Interesting since executive function is what suffers most when a child has ADD or ADHD.

I'm with you though. A written plan?? Puh-lease.

Mo and The Purries said...

So, tinker toys beats X-box, right?

Mean Mommy said...

There is one piece that I think that you missed. These are children from low SES households whose parents have not taught them creative playy. I worked on a long-term study of such a deficit. You'd think that creative play doesn't have to be taught, but it does. So, when you, someone lucky enough to spend a good deal of quality time with your children suggests that they play make believe and perhaps even mention something like, pirate ships or store, you are in effect creating the same regimen as the children asked to write down a plan, only over time you've been teaching this to your children.
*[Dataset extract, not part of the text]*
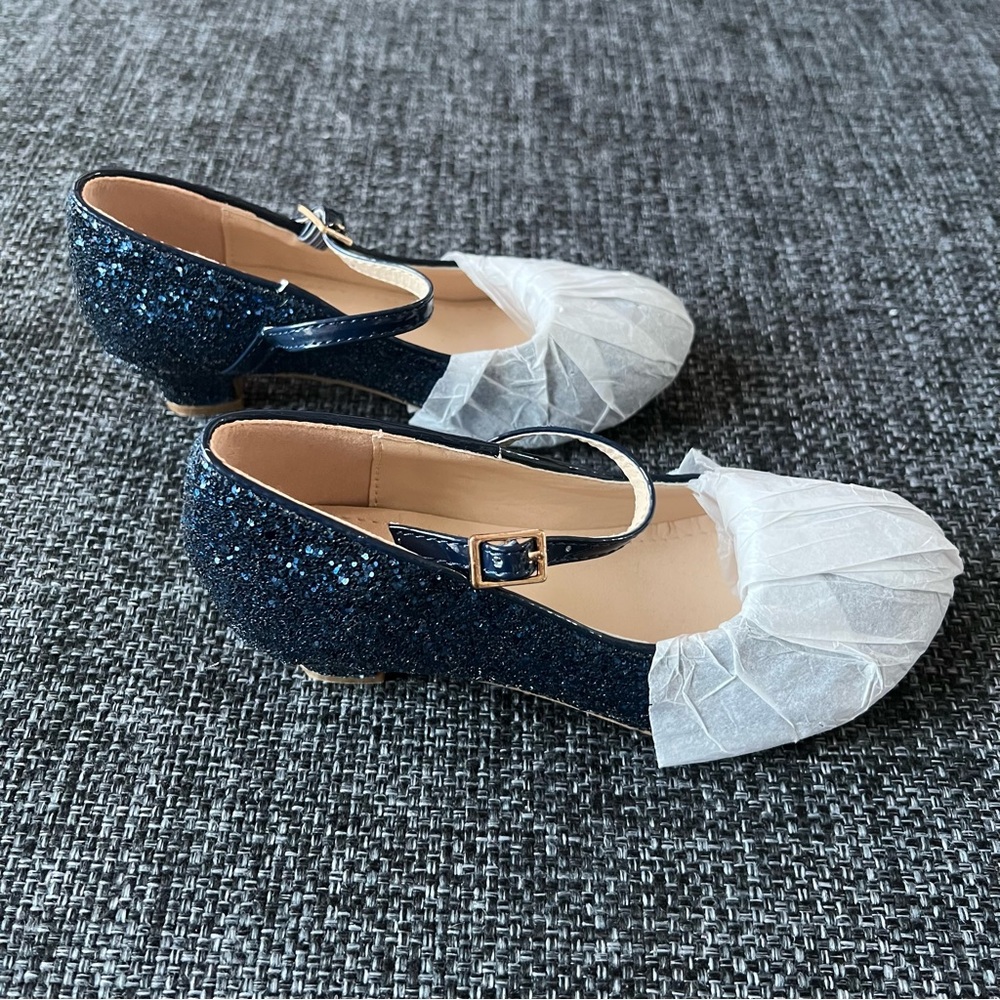 NWT Kailee Midnight Blue Glitter Mary Jane Heels Size 12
These kids haven't had anyone to do that for them. If you said, go play "pirates" they might not even know where to start. Free-play still includes some constructs. If you said play "pirates" your kids might know to pretend that there's a ship, that there's a captain, that there might be a parrot, etc.
This program is simply teaching kids to think about what might be included in their free play.

In the study on which I worked, the children who were not taught how to creatively play still engaged in parallel play at age 5, highly inappropriate, but they didn't know where to start.
Not all children are as lucky as ours. Some parents don't have the time or the resources to agonize over how to raise their children, they just do the best that they can, and then their children need structured help.

Kim Moldofsky said...

Interesting points Sam's mom!

Angela, I agree with your take onthe article. I heard it on my drive to work and was talking back to my radio.

Free play and a written script for "free" play are not the same thing. I really enjoyed the first piece of the series, though. I felt like I wanted all the teachers at my boys school to hear it. (The teachers, in turn, would want all the parents to hear it.)